Assim sendo, no caso em apreço, tendo o Autor e sua mulher adquirido a propriedade do prédio de que faz parte a casa arrendada, sucederam igualmente na posição de senhorios no contrato de arrendamento dessa casa que vigorava entre o anterior proprietário, E…, e os Réus.
O art. 1038º, a), do C.Civil, prevê como primeira obrigação do locatário o pagamento da renda ou aluguer.
Recaía, assim, sobre os Réus arrendatários a obrigação de pagar a renda.
Sucede que, não logrou o Autor provar que foi comunicado aos Réus, arrendatários, a transmissão para a sua pessoa da posição contratual de senhorio no contrato de arrendamento que vigorava entre estes e o anterior proprietário.
Apenas se provou que por carta registada com aviso de receção datada de 16/01/2014, remetida pelo Autor ao Réu marido, aquele, invocando a qualidade de proprietário da casa 3 referida em 3, solicitou a este, informação quanto ao local onde o mesmo vinha a depositar a renda, uma vez que não verificava qualquer pagamento pessoal.
Nenhuma prova, foi assim produzida de que os novos senhorios comunicaram adequadamente aos Réus arrendatários a transmissão do contrato de arrendamento para as suas pessoas.

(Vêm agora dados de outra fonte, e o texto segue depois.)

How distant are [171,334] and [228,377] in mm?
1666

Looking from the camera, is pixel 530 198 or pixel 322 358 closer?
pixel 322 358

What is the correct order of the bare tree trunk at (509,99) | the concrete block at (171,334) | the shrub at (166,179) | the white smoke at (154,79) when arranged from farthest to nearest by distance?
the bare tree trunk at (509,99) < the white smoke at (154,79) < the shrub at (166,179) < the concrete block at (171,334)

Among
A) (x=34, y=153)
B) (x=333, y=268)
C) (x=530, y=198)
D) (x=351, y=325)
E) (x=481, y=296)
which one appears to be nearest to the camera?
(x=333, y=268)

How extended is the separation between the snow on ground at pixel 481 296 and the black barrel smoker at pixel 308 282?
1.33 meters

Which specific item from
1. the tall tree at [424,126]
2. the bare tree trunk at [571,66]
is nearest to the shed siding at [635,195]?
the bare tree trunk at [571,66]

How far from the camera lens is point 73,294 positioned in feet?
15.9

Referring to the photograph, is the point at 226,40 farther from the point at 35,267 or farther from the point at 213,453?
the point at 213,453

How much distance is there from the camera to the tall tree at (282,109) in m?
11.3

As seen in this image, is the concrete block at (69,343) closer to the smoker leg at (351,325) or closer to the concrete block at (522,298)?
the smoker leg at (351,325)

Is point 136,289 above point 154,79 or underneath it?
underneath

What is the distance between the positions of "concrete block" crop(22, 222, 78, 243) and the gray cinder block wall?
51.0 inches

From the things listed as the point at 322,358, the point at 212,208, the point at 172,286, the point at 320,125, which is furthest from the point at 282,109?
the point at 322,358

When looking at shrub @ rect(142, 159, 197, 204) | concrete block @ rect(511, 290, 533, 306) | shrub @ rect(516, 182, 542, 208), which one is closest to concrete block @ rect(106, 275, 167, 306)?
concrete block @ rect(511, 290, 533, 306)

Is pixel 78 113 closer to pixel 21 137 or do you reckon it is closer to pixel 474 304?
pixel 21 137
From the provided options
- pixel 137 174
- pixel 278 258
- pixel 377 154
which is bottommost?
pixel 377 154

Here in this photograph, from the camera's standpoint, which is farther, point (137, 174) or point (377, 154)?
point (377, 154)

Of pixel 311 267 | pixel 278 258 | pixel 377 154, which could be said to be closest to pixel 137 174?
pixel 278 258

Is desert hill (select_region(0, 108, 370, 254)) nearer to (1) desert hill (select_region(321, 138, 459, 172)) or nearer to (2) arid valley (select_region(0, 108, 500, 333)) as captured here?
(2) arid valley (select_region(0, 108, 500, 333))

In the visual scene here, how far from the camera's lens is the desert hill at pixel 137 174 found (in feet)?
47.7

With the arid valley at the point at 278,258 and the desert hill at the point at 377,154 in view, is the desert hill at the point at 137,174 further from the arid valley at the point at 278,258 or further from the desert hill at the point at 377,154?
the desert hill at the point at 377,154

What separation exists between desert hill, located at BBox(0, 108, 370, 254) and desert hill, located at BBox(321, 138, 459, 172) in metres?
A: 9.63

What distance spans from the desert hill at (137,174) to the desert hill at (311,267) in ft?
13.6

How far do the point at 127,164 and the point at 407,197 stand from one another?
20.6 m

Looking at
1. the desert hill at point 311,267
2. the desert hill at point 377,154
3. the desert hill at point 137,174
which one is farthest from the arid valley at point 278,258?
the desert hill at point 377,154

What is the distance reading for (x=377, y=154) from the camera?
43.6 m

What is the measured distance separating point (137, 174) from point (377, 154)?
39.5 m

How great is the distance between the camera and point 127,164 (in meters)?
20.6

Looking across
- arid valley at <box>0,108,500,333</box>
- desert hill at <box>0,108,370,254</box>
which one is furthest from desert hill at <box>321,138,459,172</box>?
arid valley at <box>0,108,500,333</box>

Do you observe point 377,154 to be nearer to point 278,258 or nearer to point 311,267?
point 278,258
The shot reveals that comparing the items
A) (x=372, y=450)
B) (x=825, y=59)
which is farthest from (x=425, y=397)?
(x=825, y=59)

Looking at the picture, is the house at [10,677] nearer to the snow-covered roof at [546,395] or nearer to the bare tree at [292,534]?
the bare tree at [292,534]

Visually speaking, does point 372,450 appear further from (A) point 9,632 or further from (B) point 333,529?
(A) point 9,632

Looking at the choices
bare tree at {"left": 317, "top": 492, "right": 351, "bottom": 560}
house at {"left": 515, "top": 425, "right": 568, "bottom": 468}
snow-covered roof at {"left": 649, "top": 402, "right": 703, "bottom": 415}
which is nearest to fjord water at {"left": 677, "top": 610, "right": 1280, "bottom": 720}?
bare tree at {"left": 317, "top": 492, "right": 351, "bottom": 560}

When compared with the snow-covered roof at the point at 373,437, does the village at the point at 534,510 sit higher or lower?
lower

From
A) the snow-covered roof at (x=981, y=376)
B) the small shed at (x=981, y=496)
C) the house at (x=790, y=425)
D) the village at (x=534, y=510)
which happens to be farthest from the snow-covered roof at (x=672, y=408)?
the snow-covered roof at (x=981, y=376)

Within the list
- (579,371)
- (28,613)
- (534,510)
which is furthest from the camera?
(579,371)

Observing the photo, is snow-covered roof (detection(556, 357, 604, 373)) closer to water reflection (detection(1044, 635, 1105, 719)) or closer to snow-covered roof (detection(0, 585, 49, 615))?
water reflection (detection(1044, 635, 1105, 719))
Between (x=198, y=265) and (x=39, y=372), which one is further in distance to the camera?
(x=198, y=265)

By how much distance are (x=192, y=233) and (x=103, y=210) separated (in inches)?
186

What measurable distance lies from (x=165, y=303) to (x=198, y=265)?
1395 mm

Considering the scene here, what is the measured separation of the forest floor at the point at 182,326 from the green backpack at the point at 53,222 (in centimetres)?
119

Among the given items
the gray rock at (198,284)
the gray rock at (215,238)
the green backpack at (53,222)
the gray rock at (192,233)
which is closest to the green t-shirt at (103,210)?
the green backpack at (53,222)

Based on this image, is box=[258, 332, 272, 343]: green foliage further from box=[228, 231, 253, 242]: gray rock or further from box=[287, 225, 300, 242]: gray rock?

Tão pouco fizeram qualquer prova da informação prestada aos arrendatários da razão de ser de o Autor se arrogar seu senhorio.
Ora, cabia aos novos senhorios – o Autor e sua mulher – a obrigação de, não apenas comunicar aos Réus arrendatários a transmissão para as suas pessoas da posição de senhorios no contrato de arrendamento da casa 3, mas ainda de comprovarem essa aquisição, designadamente pela entrega de documentos comprovativos desse facto, sendo certo que é inexigível do arrendatário que passe a cumprir a sua obrigação de pagamento de renda a quem quer que invoque a aquisição da qualidade de senhorio. – Quanto à obrigação de comprovação da alienação vide Gravato Morais, Falta de Pagamento de Renda no Arrendamento Urbano, págs. 27, 28, 68 e 69 e Acs. da R.L. de 11/12/2019, proc. nº 4169/18.0T8FNC.L1-2, disponível em www.dgsi.pt e demais jurisprudência aí citada.
Não tendo os novos senhorios cumprido com esse dever de informação, assistia aos Réus arrendatários o direito a se absterem de procederem ao pagamento da renda aos mesmos.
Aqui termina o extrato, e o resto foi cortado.